3) Build Wealth and Passive Income With Rental Properties

4) Our Home Build Series

5) My Debate With Suze Orman

…and one of my favorites that I thought was way underrated is Entrepreneurial Ideas For the Unemployed



Marriage and Money – Dave Ramsey vs. Suze Orman

Money is one of the primary reasons for divorce in America these days. It’s a challenge taking two different personalities and getting them to agree on how to spend and save money. So, how do you manage your money well and keep your relationship strong?

Leading financial show hosts Suze Orman and Dave Ramsey provide great guidance on money but have very different views on relationships and money. Suze takes the approach of separate accounts and what’s yours is yours. She recommends that couples keep individual accounts and that they should each contribute a percentage to the joint bills, such as housing and food. The percentage that she recommends is based on the percentage of income each person earns. For example, Spouse A’s income is 40% of the household income and Spouse B’s income is 60%, they would split the joint bills 40/60. Suze says whatever is left over from the budgeted monthly payments is personal money for each person.

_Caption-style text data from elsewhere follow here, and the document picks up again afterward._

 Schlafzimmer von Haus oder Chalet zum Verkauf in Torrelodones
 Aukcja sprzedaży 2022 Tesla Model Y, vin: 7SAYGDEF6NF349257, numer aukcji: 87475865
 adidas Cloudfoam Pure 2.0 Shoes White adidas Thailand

Dave, on the other hand, recommends Christian principals of a couple becoming one. He says spouses should combine all finances and work together towards a common agreed upon goal. He tells people to work together on a household budget and a piece of that budget should be spending money. This way, all money decisions are made together and nobody feels like they are earning less.

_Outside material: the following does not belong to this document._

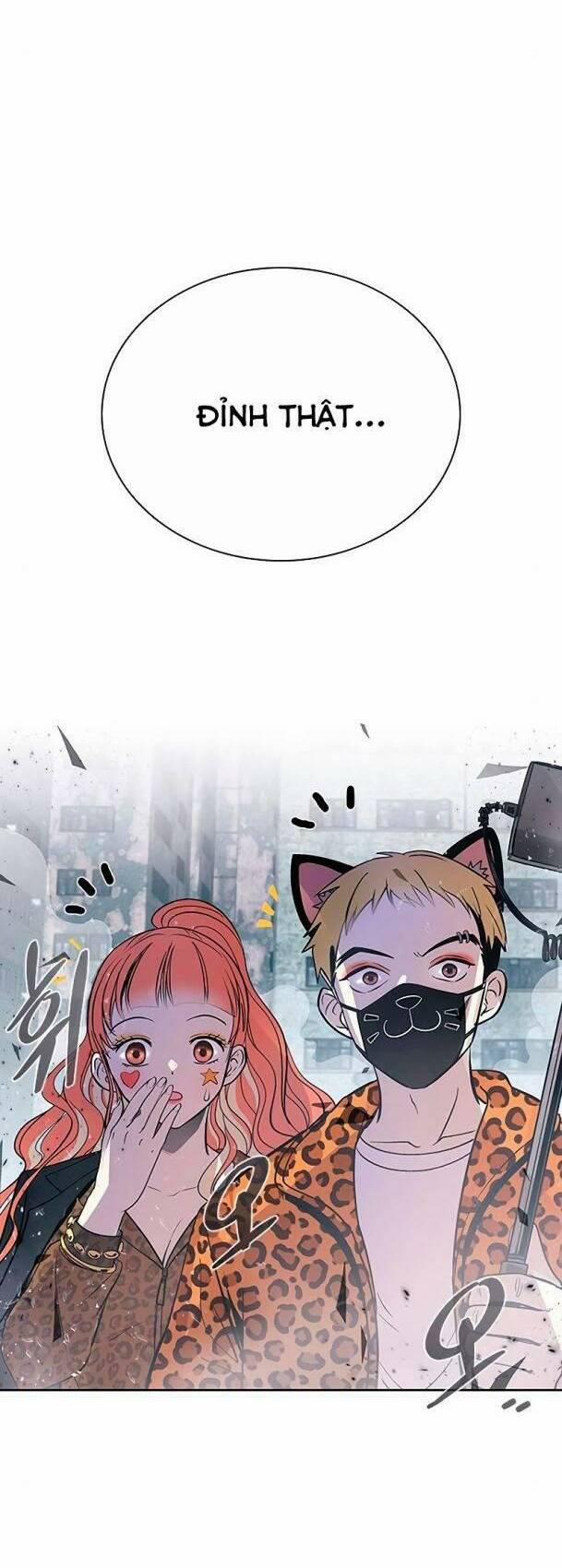 Trùng Sinh Trở Thành Ác Nhân 84 trang 59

Kinsey and I lean towards the Dave Ramsey model. We plan our financial goals together, budget money together, plan our giving (to church and charity) together, and pool all our money and investments into joint accounts. We do have separate accounts too, but the separate accounts are only for our budgeted spending money. All of our money goes into our joint account, and then every 2 weeks we each of us gets our budgeted spending cash (we call it our allowance). This way, we plan our financial life together, but we still each have a little fun money.

We started out our relationship with separate money and never saw eye to eye about a lot of things. However, since combining our money and planning together, we’ve been much more successful, at saving, giving, investing, and planning for our future. We were able to quickly save up a down payment for a new home once we agreed on the same goal and planned for it. Most importantly, we rarely argue about money anymore, because we both know what to expect and what is planned for.

Recently I saw an episode of the Suze Orman Show, in which a woman had just won a hefty law suit settlement. Suze had advised the woman to pay her own debts and keep the rest of the money for herself – not paying off her husband’s student loan. Yikes! Really?! Aren’t we in this together as a married couple? There are several flaws I see with the separate money method.

1) Separate money equals separate lives. When married, you are in it for the long haul. Your life plans should be agreed upon with your spouse. We have seen real estate clients who can’t purchase a house because they live separate financial lives. One person has saved, while the other has blown their money and damaged their credit.

2) What if one spouse ends up staying home to raise kids? Then what? Does this mean that they are broke and the other spouse is in control? I don’t think so. Both spouses need to have some spending cash and equal say in financial matters.

3) Separate money equals greed. When spouses have separate money and separate financial goals, they can easily end up greedy. You end up having arguments over the dumbest little things like whose turn is it to pay for dinner? Arguments like that can destroy your date night real fast.

4) Retirement. What happens if one spouse is properly saving for retirement and the other is not? What could happen 30 years down the road?

5) Shouldn’t you be planning for a lifelong marriage, rather than planning how you can get ahead individually?

The bottom line is this: couples that plan their lives and finances together are much more successful financially and with their relationships. This involves a lot of work, communication, understanding and patience; but it’s well worth it.